As the U.S. and Europe continue to slap financial and trade sanctions on Iran in an attempt to discourage its nuclear programme, European insurers will be unable to provide, after July, cover to the part of the Indian tanker fleet that will carry Iranian oil. Shipping Corporation of India will be the worst affected; it is the largest tanker owner in the country.
"We are covered by P&I clubs in the EU," Sunil Thapar, director at Shipping Corp of India told Reuters. "These clubs will not be able to give us coverage for vessels to Iran from July. It will be difficult for Indian shipping lines to transport Iranian crude unless alternative arrangements are made."

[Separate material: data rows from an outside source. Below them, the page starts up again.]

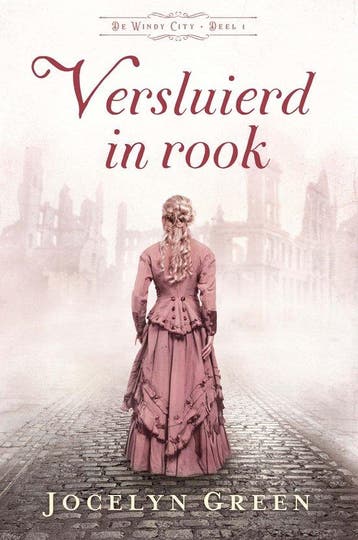 Versluierd in rook / De Windy City / 1 9789492234841, Verzenden, Gelezen, Jocelyn Green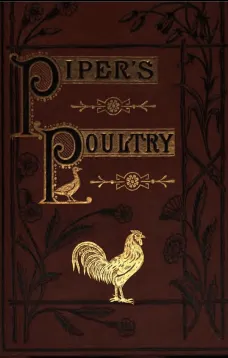 Poultry
A Practical Guide to the Choice, Breeding, Rearing, and Management of all Descriptions of Fowls, Turkeys, Guinea-fowls, Ducks, and Geese, for Profit and Exhibition.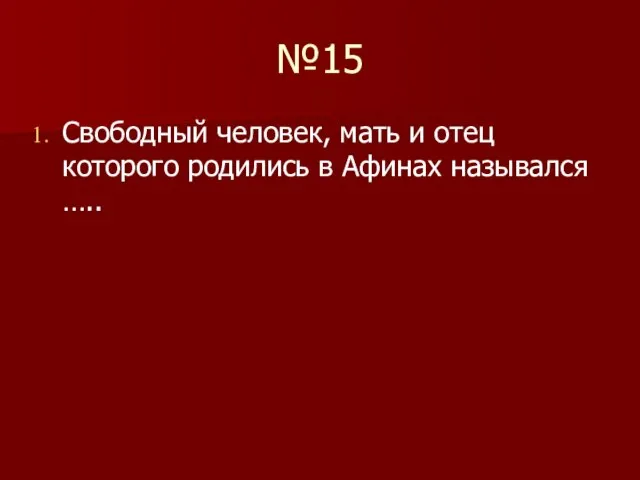 №15 Свободный человек, мать и отец которого родились в Афинах назывался …..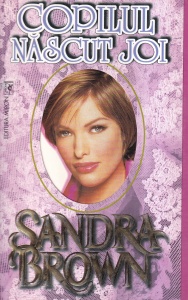 Sandra Brown - Copilul nascut joi.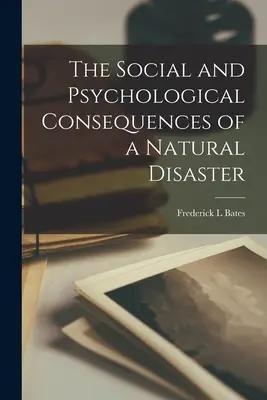 Las consecuencias sociales y psicológicas de una catástrofe natural - The Social and Psychological Consequences of a Natural Disaster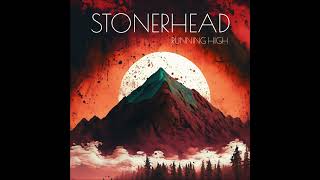 Stonerhead - RUNNING HIGH (Full Album 2024)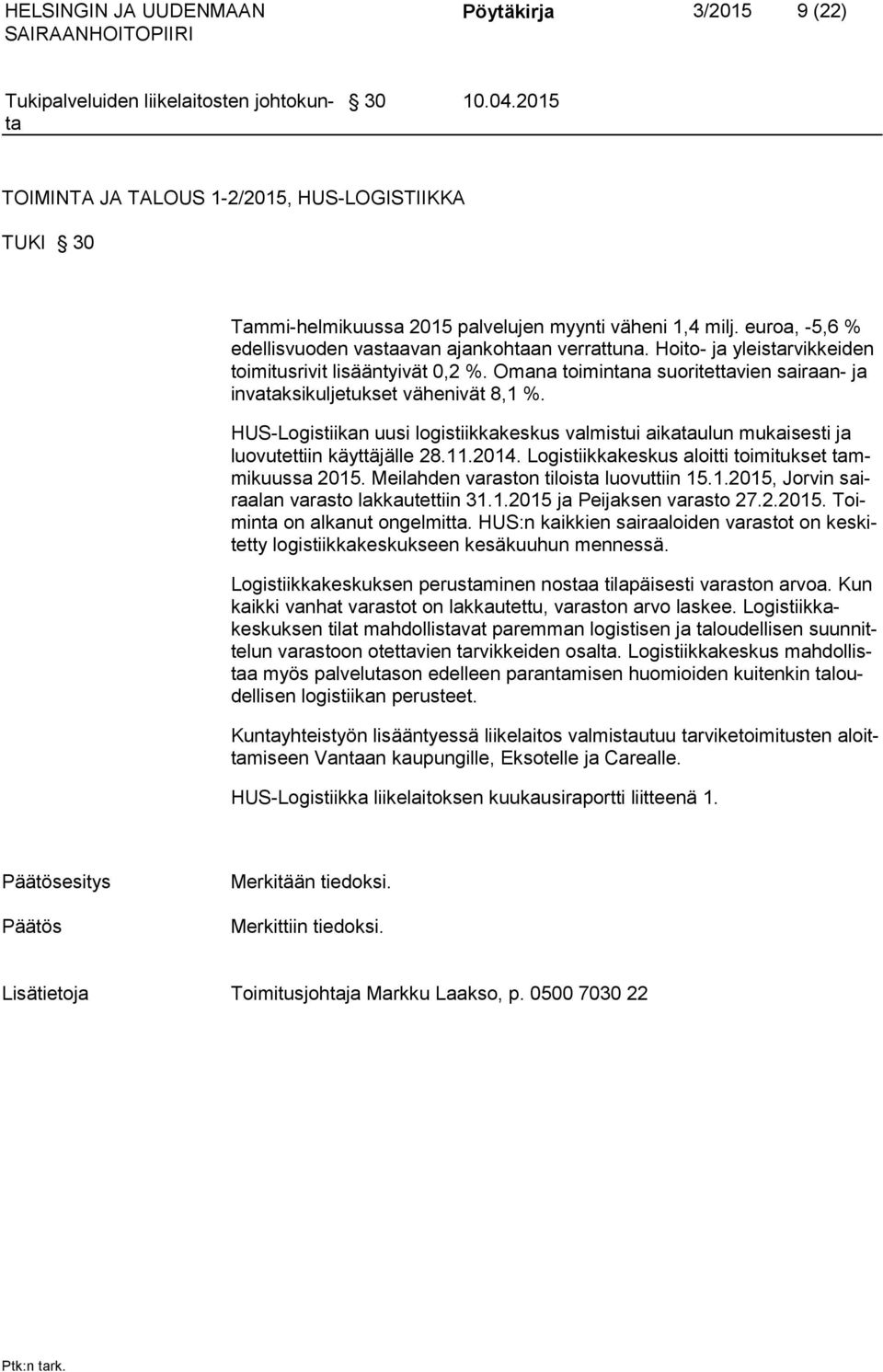 Omana toimintana suoritettavien sai raan- ja invataksikuljetukset vähenivät 8,1 %. HUS-Logistiikan uusi logistiikkakeskus valmistui aikataulun mukaisesti ja luovutettiin käyttäjälle 28.11.2014.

European and other companies have stopped new deals with Iran, which means that Asian traders will have to use domestic companies to carry oil from that country. The problem is that India does not have a developed maritime insurance industry of any useful size or standing, unlike say, China or Japan, both of which will not face these issues come July 1. India will be forced to seek alternate cover from companies located in Russia or the East- Singapore, Hong Kong, Japan or China.

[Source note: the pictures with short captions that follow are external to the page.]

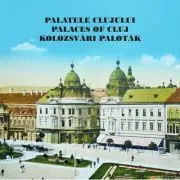 Palatele Clujului / Palaces of Cluj / Kolozsvari Palotak de Ancuta-Lacrimioara Chis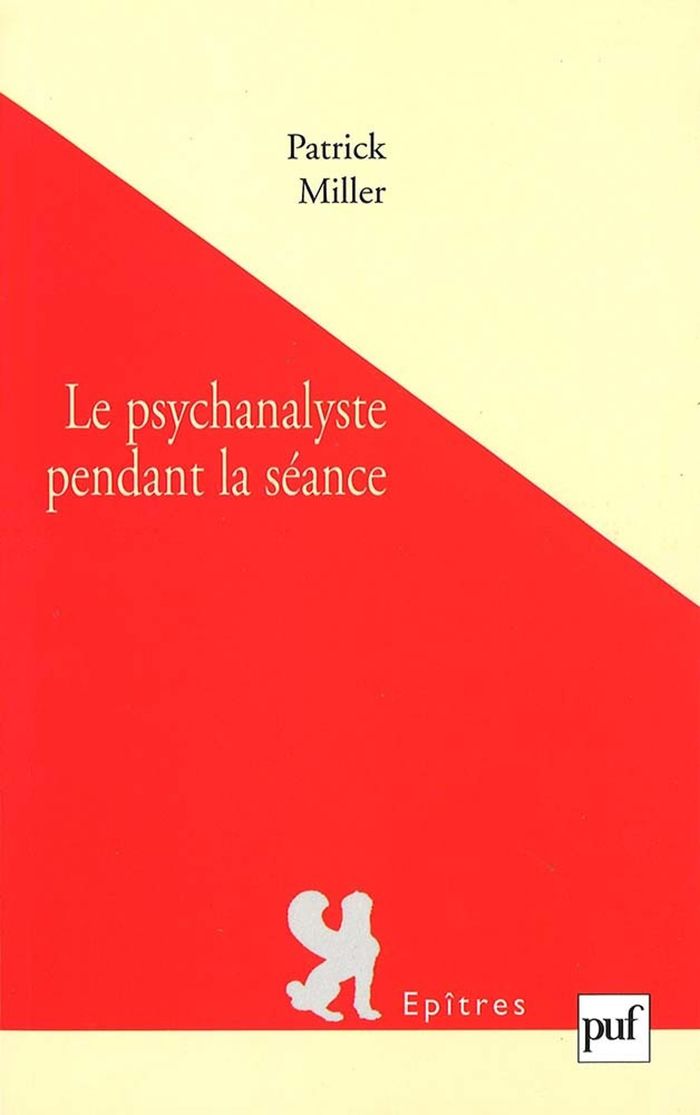Couverture du livre « LE PSYCHANALYSTE PENDANT LA SEANCE » de Patrick Miller, librairie Les Contes Infusés à Corte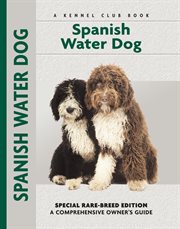 Spanish Water Dog: Special Rare-Breed Editiion : A Comprehensive Owner's Guide cover image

Experts say that at least some of these markets will be problematic, as Hong Kong and Singapore are closely linked to the West and Japan will not be able to service Indian firms easily; it takes months for new tonnage to get P&I cover there. Additionally, members of clubs everywhere will be chary of accepting Indian tonnage plying to Iran- it raises risks for all in the club and there will be legitimate fears that 'calls' or premia for each of its members will escalate. Unfortunately, of the three major Iranian crude customers- China, Japan and India- India will be the worst affected; the others are already covered at home and will not have to seek alternate insurance.
China seems to be the best alternative for Indian firms, especially if the government there seizes the opportunity to promote domestic insurance companies and increase their global footprint. "The China market has some extremely large insurers that may decide it is a good business," Iain Anderson, a Singapore-based lawyer with Ince & Co, told the Economic Times.
Iran is the second biggest oil producer in the OPEC after Saudi Arabia. The sanctions against it have not meant too much to its oil revenues thus far because the reduced volume loss after the sanctions began has been largely offset by the price of oil that has jumped after the rhetoric between Iran and the West escalated. Brent crude is hovering around $121 a barrel today; it was a little over $105 two months ago. Analysts say that the market has factored in the new sanctions into the oil price, but it remains to be seen whether this will spike after July- some experts are predicting a 150 dollar a barrel price benchmark for the latter part of the year. That, if it happens, will be another blow to the Indian economy.